Today: Apr 19, 2024

Time for Peanut Butter and Jelly

Sarah Shelton Features Editor

Program Council’s (ProCon) weekly PB&J event is back.

For years, ProCon has been holding an event in the Engleman Rotunda every Thursday where they have a table full of plates, different loaves of bread, peanut butter, jelly, Nutella and fluff for students to come and make a sandwich. During COVID-19, however, they were not able to do this.

ProCon still wanted to keep their student-loved event going—so they started handing out Uncrustables, a frozen sealed sandwich, in the Academic quad to follow guidelines.

“We still have to do Uncrustables because pre-COVID we would have the students make their own sandwiches, we would lay the bread first, then the peanut butters, jellies, and fluff and have them scoop it out themselves, but since COVID happened we can’t do that still,” said weekend programmer Matt Berry, a senior.

Berry is the longest-running programmer at ProCon. He said this event predates him and he knew it was something they had to continue to do.

“That’s been our staple event we’ve always had,” Berry said. “That’s been our traditional one that students always come to, so we knew we had to keep that. That’s the one most people know us for.”

It may be different now, but Berry still has hope once it is safe to do so, ProCon could go back to the old way.

“I think people preferred the old way,” Berry said. “Because some of them didn’t always do peanut butter and jelly, they would do strawberry jam, some did marshmallow fluff, so there are combinations we can’t get with the Uncrustables.”

Nighttime Programmers, Kimberly Roig and Ramsley Exantus, who were helping with the event, said they only have the peanut butter and jelly Uncrustables available, but they will bring it up at the next ProCon meeting to consider including other flavor options.

“We have snacks,” Roig said. “Right now we have goldfish, Rice Krispies, combos, obviously the Uncrustables, pop tarts, cookies. I think last week it was also granola bars and chips.”
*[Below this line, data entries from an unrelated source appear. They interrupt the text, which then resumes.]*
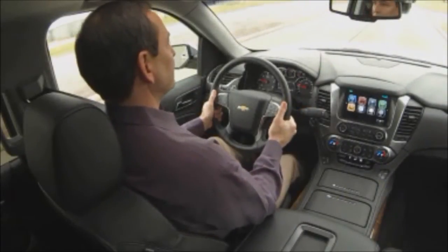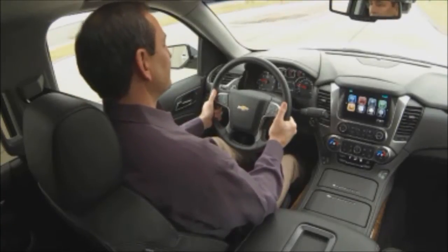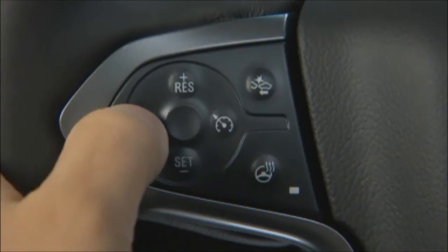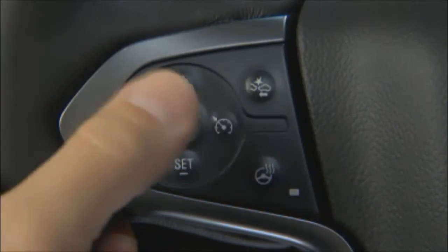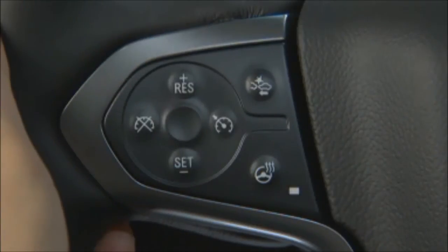There are two ways to disengage the adaptive cruise control. Simply press lightly on the brake pedal, or press the cancel button on the steering wheel hub. To turn the system off completely, press the on-off button.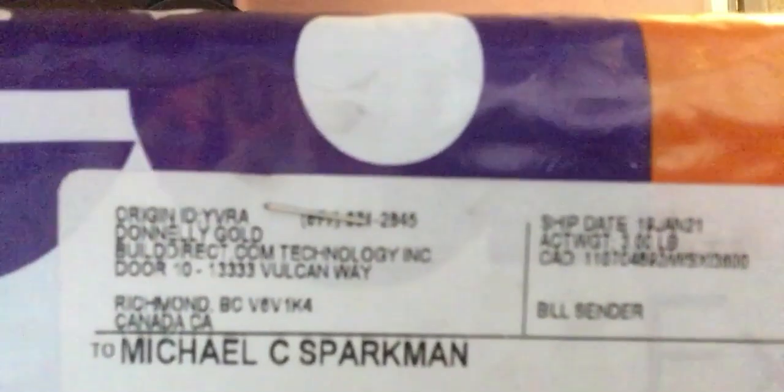We decided today to start with an unboxing video. I have just received an item from FedEx moments ago. It's right here and this is from Canada — Richmond, BC, British Columbia — and this is from a company called builddirect.com. This is basically just home improvement samples.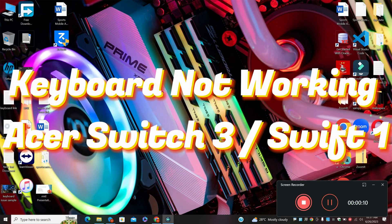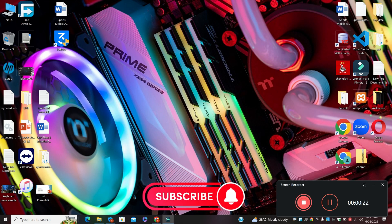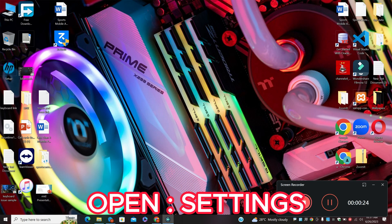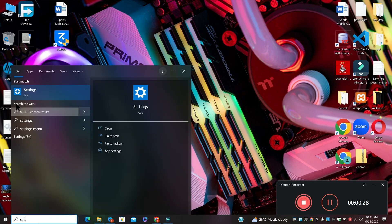Welcome back with another video tutorial. In this video, I will tell you about the keyboard not working in Acer Switch 3 and Swift 1. If you are facing the keyboard problem in the Acer Switch 3 or Swift 1, I will tell you how to resolve it. Watch the complete video, follow all the steps, and if you are new here, don't forget to hit subscribe.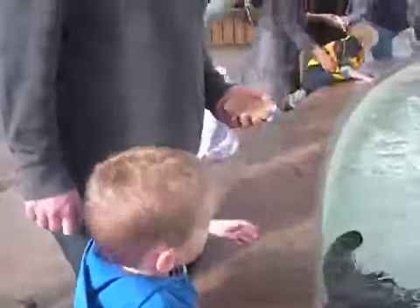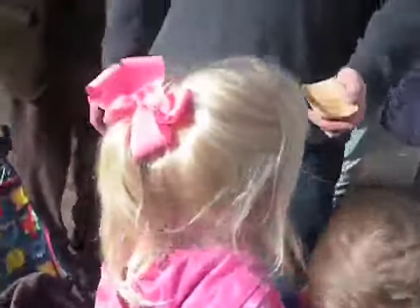Here it comes. Put it in the water, honey. Good job. Good job, guys. You fed them. They're all done. Good job, guys.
Due to scheduling conflicts, all programmers are currently coming together to keep their events running. This particular PB&J event, held on Sept. 16, was run by nighttime and weekend programmers.

“We have our own committees, but we do help each other out,” Roig said. “The daytime programmers set up and we stayed to hand everything out.” Exantus said he enjoys doing events with ProCon and helping other committees, such as the daytime programmers, when needed.

“I feel like the thing about ProCon is that we have a really good sense of commodity when it comes to helping each other out,” Exantus said. “Nighttime, daytime, weekend programming, we all come together and try to make the best for everybody on campus, even during COVID.”

Exantus and weekend programmer Naomi Lorde said the PB&J event is Procon’s signature event, but not the biggest one.

“We have a lot of events honestly, not just this one,” Lorde said. “Honestly, I think our biggest event this month is definitely our pizza tour of New Haven, and in two weeks we are having a Six Flags trip for weekends, so that’s one of our biggest events, I would say.”

Roig said the majority of their events have been successful so far. They run out of everything before 1 p.m., but get a better turnout when the weather is nice.

“I think we were slowed a little because of the rain,” Roig said. “But I know last week was very successful.”